I come across another such work at the MFA, the Butcher Shop of the Flemish artist David Teniers the Younger, painted in 1642 during the first half of the career of Teniers, the Antwerp half, before he moved to Brussels in 1650 to be court painter to Archduke Leopold Wilhelm, Governor General of the Spanish Netherlands. Today Teniers is probably best known for genre paintings, which he made throughout his career, but he is also a key figure in the history of reproductions of artworks, thanks to his Theatrum pictorium, an illustrated catalogue of 243 Italian paintings in the Archduke’s collection that was published in 1660. It was the first such catalogue. To help the dozen engravers who worked on the project, Teniers made a reduced version (modello) of each painting. Three and a half centuries later, those of the modelli that survive are dispersed. Most of the Archduke’s paintings, however, remain together—they’ve been in Vienna since the Archduke left Brussels in 1656, and are now at the Kunsthistorisches Museum.

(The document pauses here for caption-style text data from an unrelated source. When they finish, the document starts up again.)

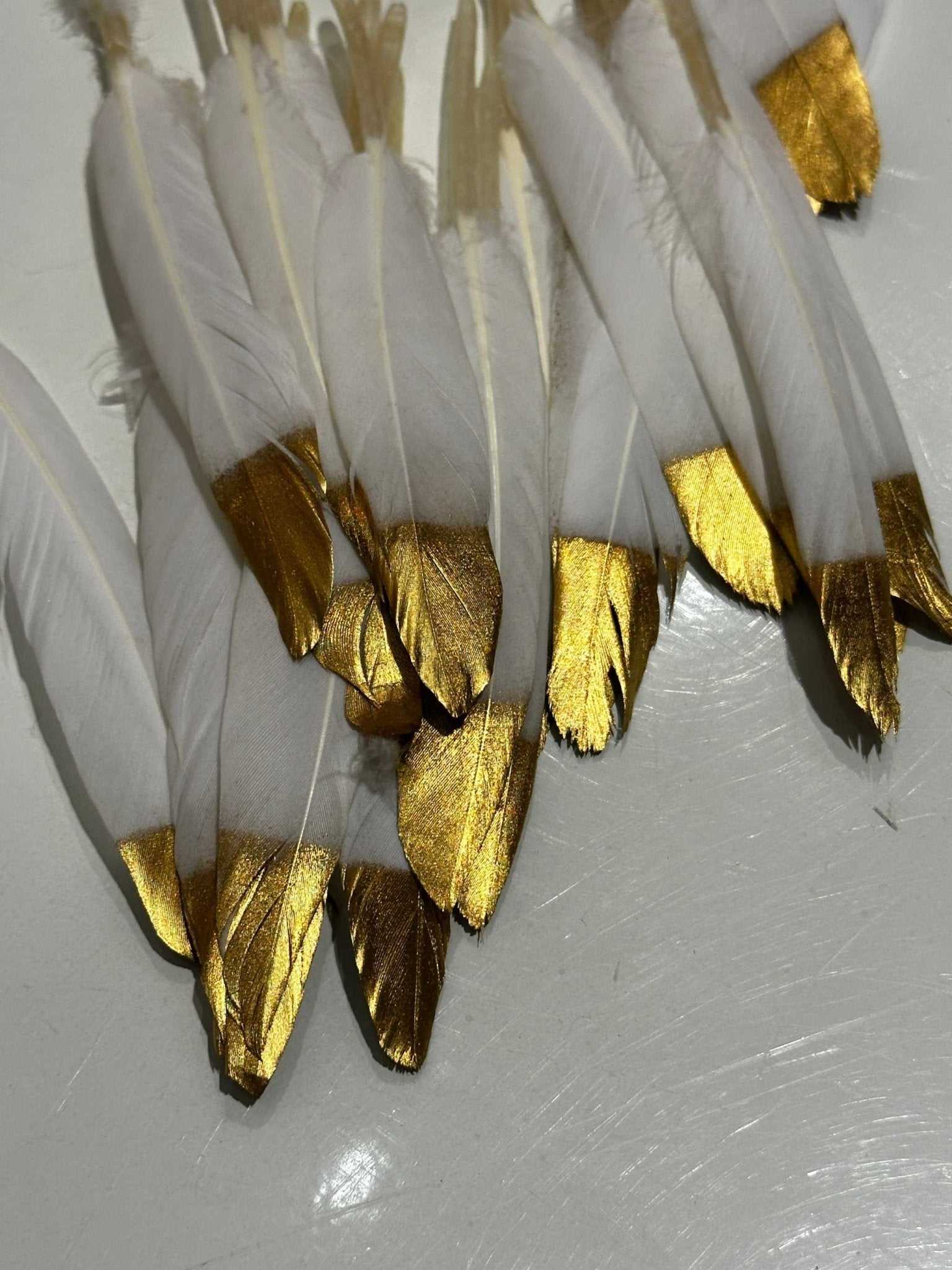 Gold Tip White Feathers - Sacred Crystals Feathers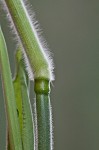 Velvet panicum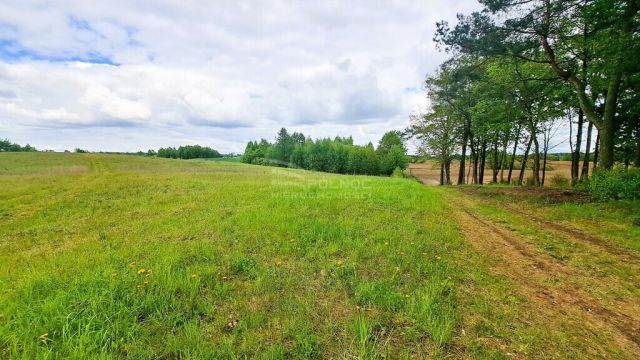 Działka budowlana Dąbrówka Wielka. Zdjęcie 5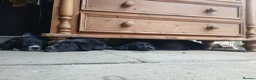 Border Collie dogs for sale: Beautiful fluffy collies - Advert 5
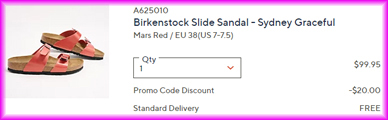 Birkenstock Slide Sandals Checkout Screen
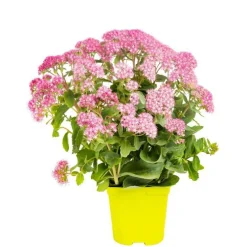 Sedum Telephium - Le pot de 3 litres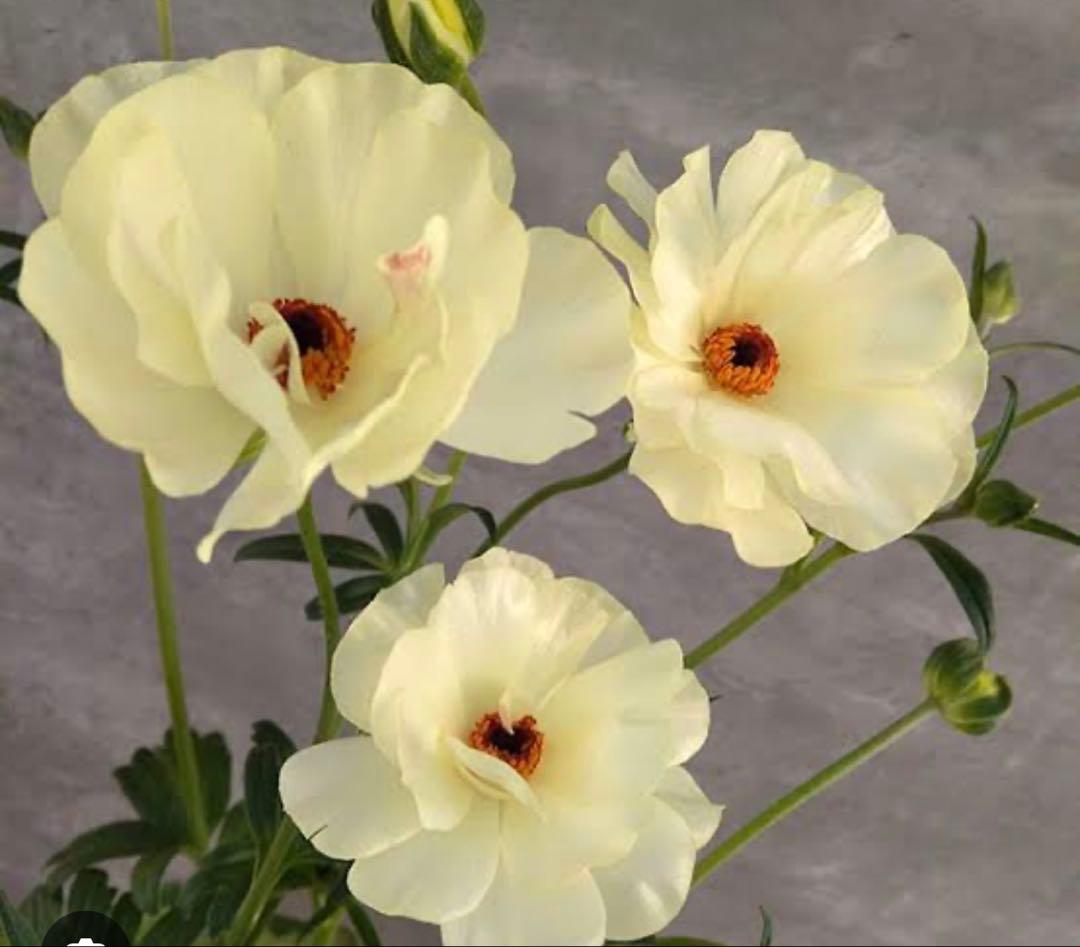 ラナンキュラスラックス苗、リタイ、廃盤品、ラベル付き、正規品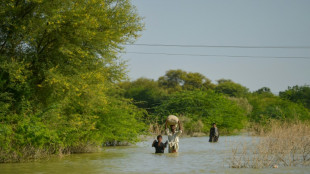 Food shock: Crop-battering disasters highlight climate threat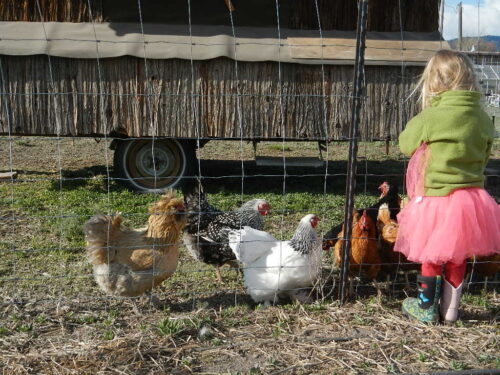 A Beginner's Guide to Raising Backyard Chickens for Eggs - Montana ...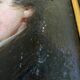 HSP painting "Romantic portrait" young man two-sided 19th century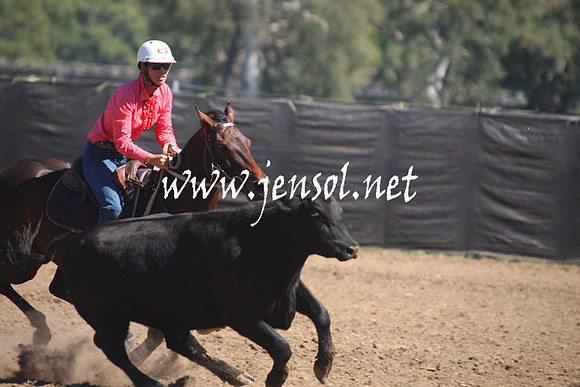 GundagaiGiddyup2013_1D_1594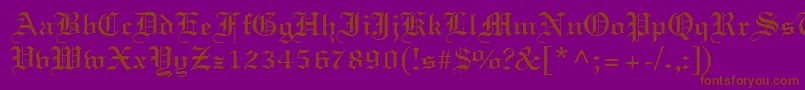 LighttextRegular Font – Brown Fonts on Purple Background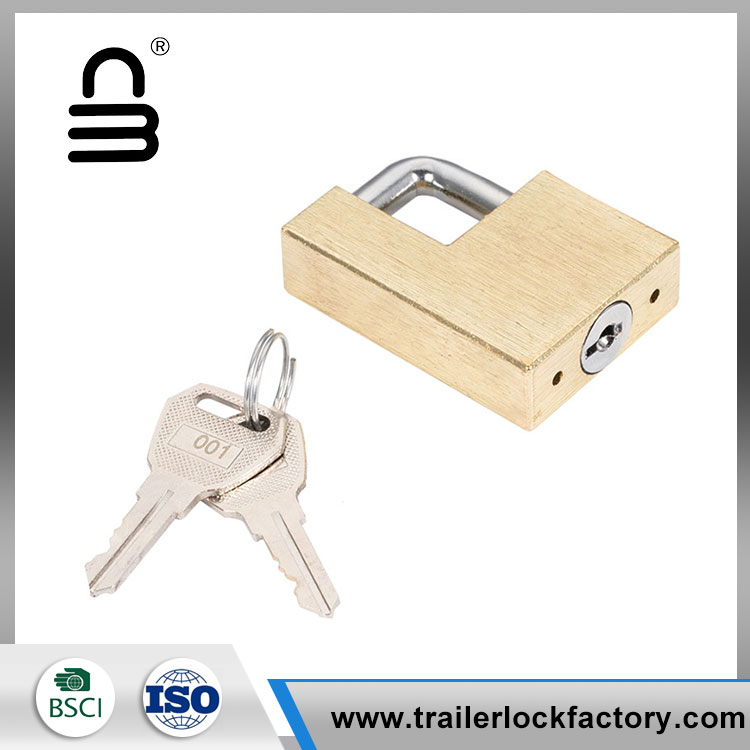 Zinc Alloy Trailer Hitch Pin Lock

Anyway, the Butcher Shop—no one writing about this painting has paid much attention to the sheet of paper on the right wall, depicting a figure in a hat holding a glass and dated 1642. Understandable, given how much else there is to take in. First, there’s the carcass of an ox, hanging from a beam suspended from the ceiling, dripping blood into a bowl, which—sorry—a dog laps up. The creature’s head and pelt (complete with horns) are nearby on the left, and the tongue is pinned to the adjacent wall. To the right, to use the words of the catalogue prepared for the painting’s sale in Paris in 1880, “une jeune et jolie fille débite les poumons et le foie d'un bœuf gigantesque” (“a young and pretty girl carves up the lungs and liver of a gigantic ox”). Still more: a man (the butcher?) and a woman stand by a fireplace in the background, another man walks out the door, a duck hangs upside down from the ceiling, there is a sieve affixed to the wall by the tongue.
And then what to make of the white cloth that hangs from a rod that holds open the carcass? The rod itself is easily explained. To quote a scholar writing about the one in Rembrandt’s Slaughtered Ox, it “widens the cavity to cool the animal down and allows the butcher to pull out the viscera.”12 But there is no cloth hanging on the rod that pries open Rembrandt’s ox’s, and the cloth in the Teniers painting goes unmentioned in the descriptions I found.
The best of the descriptions, from the catalogue of the MFA’s 1993 “Age of Rubens” exhibition, links the slaughtering of oxen to the virtue of prudence and month of November, November being a sensible time to store up meat. There may also be a connection to the fatted calf in the parable of the Prodigal Son. As for the sheet of paper, the same catalogue entry describes it as “a bust-length drawing of a peasant holding a glass.” I don’t know, though, why it should be thought of as a drawing rather than a print, since prints were likelier decorations for such premises.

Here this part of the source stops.